"Elvis Lives" presents energetic, authentic concert experience
Bill Cherry doesn't really think he's Elvis Presley, even though he performs as The King night after night in the touring multimedia show, "Elvis Lives: The Ultimate Elvis Tribute Artists" which stops at the Milwaukee Theatre on Friday, Feb. 8.
"You have to know you are Elvis when you are on stage, but when you get off the stage, you have to come back to yourself," says Cherry. "The key to being Elvis Presley is not to be Elvis Presley."
A lot of Elvis impersonators don't quite get this and, consequently, give Elvis impersonating a bad name. But when well done and the performance comes from the right place, Cherry believes it can be a respectful and highly entertaining tribute.
"There is a bad media stigma and a stereotype of Elvis impersonators, but this show is a breath of fresh air as far as accuracy," he says.
Cherry grew up in an Elvis-loving family who listened to his records and watched his films. As a kid, Cherry would sing along with the songs and do mock shows for his family, but he never planned on making a career of it.

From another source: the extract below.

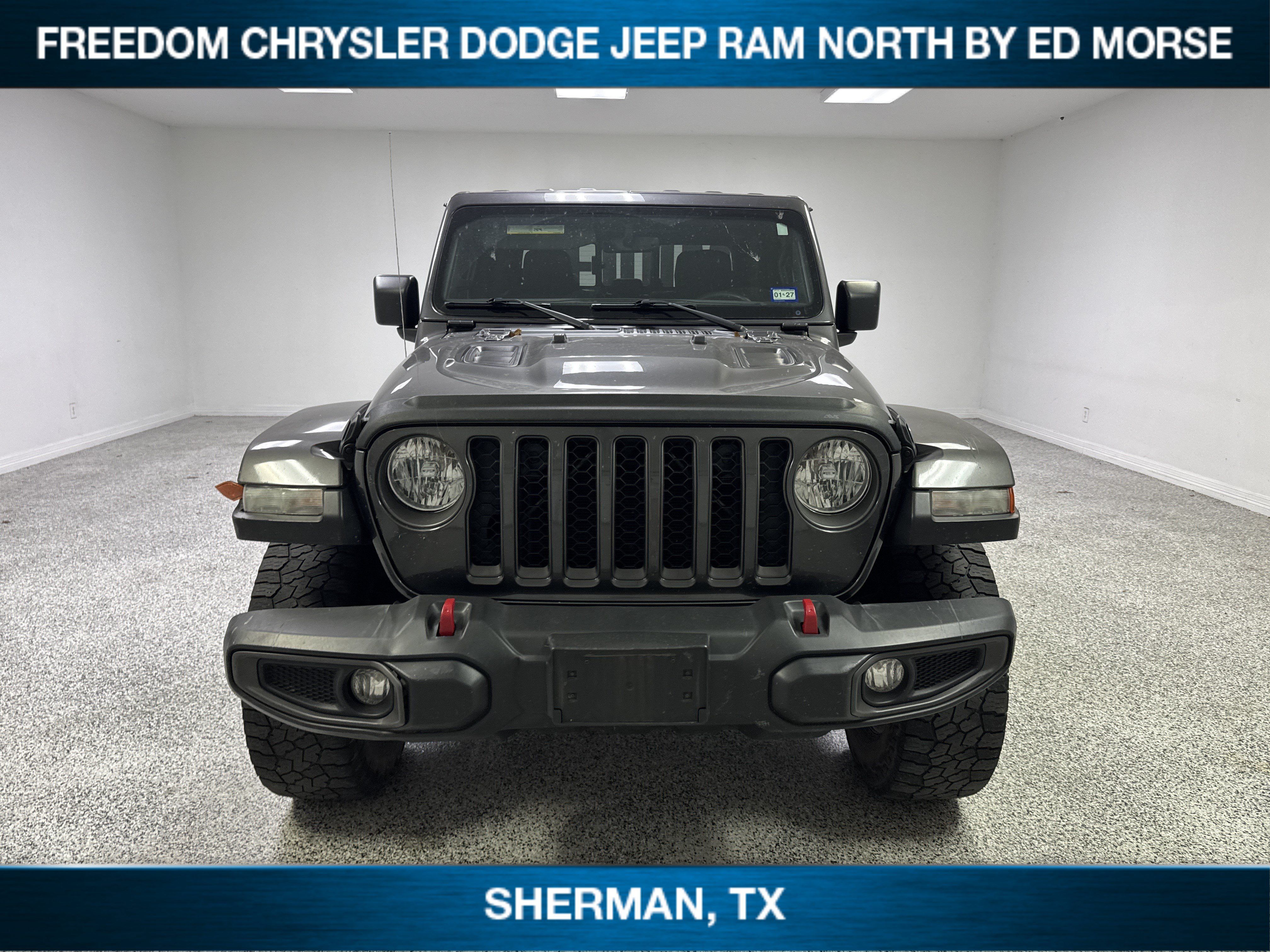 Used 2021 Jeep Gladiator Rubicon AWD/4WD image 3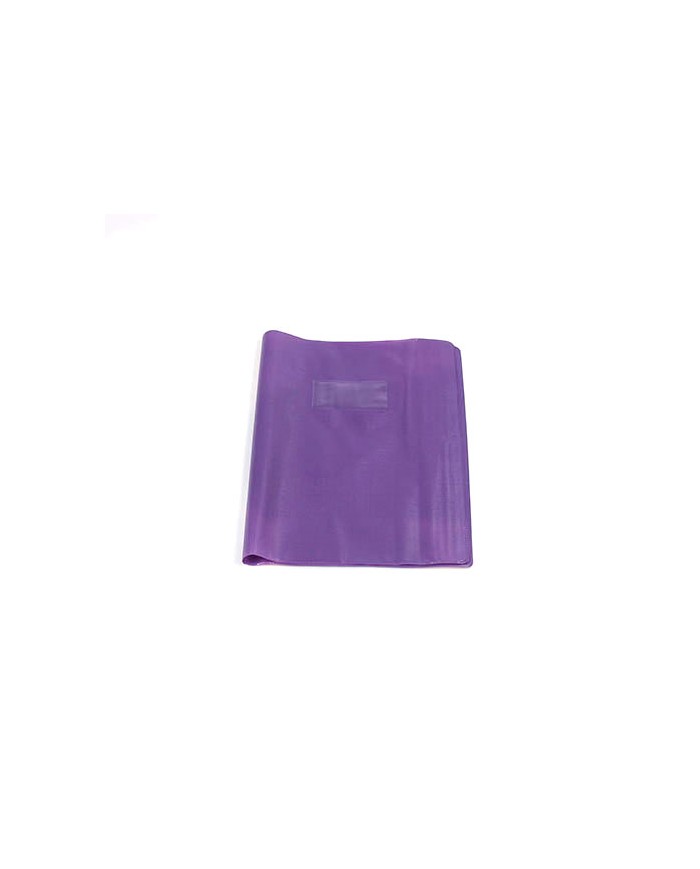 Protège-cahier en PVC LINO A4 - Violet|6192103116666|Le Guide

However, after Elvis passed away in 1977, Cherry's parents took him to see an Elvis impersonator in their hometown of Collinsville, Ill., and he was blown away.
"I couldn't believe the reaction this guy got. It was as if he really was Elvis. I thought, 'Man, this is so cool.' I realized it didn't have to be an isolated thing in the bedroom. There are people who play along and liked him as much as I did," says Cherry.
Cherry did not receive any formal voice training, but he listened very closely to how Elvis sang and pronounced words. He was inspired and humored by the fact Elvis flunked music while in school.
"Elvis Presley taught me how to sing," says Cherry. "It comes very naturally for me because I was raised on it. This is a childhood dream come true for me. It's like I was running around the house in a cape and then one day I soared out the window as Superman."
In the mid-80s, Cherry says he finally got the nerve to perform in front of people. He started entering Elvis tribute contests locally as well as in Memphis, and although he usually made it to the finals, he never won.
"There's an important lesson there. Contests can steal a dream if you let it. Contests are not a true reflection of your performance. They are the opinions of three or four people," he says.
Cherry, who became a welder by trade, continued to perform and compete as Elvis. In 2009, he won The Ultimate Elvis Tribute Artist Contest, a worldwide contest and talent search put on by Elvis Presley Enterprises.
"From that point on, this is all I've been doing. I love it. I'll take a microphone over a welding rod any time," he says.
"Elvis Live" depicts Elvis Presley during different stages in his career: '50s Elvis, Movie Elvis, Black Leather / '60s Elvis and Jumpsuit '70s Elvis. There are four different tribute artists and Cherry plays "Jumpsuit Elvis."
"Everything is live. There's no lip-synching. This is Elvis on tour in 2013," says Cherry.
Cherry wears the famous white jumpsuit "with all the bling" and rocks massive side burns along with a longer hairstyle. He sings, among other songs, "Suspicious Minds," "Walk A Mile In My Shoes" and "An American Trilogy."
The tribute artists are joined by a live band, back-up singers and dancers, an Ann-Margret tribute artist and iconic imagery from the Graceland archives.
Callie Shouten-Johnson, originally from Janesville, is one of the dancers in the show.
"The show is just like going to a rock concert, it's so authentic. Every single night I stand on that stage and I am in awe," says Shouten-Johnson. "Elvis' music is timeless. There's a little bit of Elvis in everyone."
When he's not touring, Cherry still lives in Collinsville and has a 21-year-old son, also an Elvis fan. Cherry, who is in his forties, says he hopes to continue performing as Elvis as long as he can.
"I want to do this until I cannot do it respectfully. I can't be on stage at 60 years old trying to represent a man who passed away at 42. I won't make myself or Elvis a fool," he says. "That's what I love about this show. It's very respectful. These aren't Halloween costumes. There's nothing hokey about it."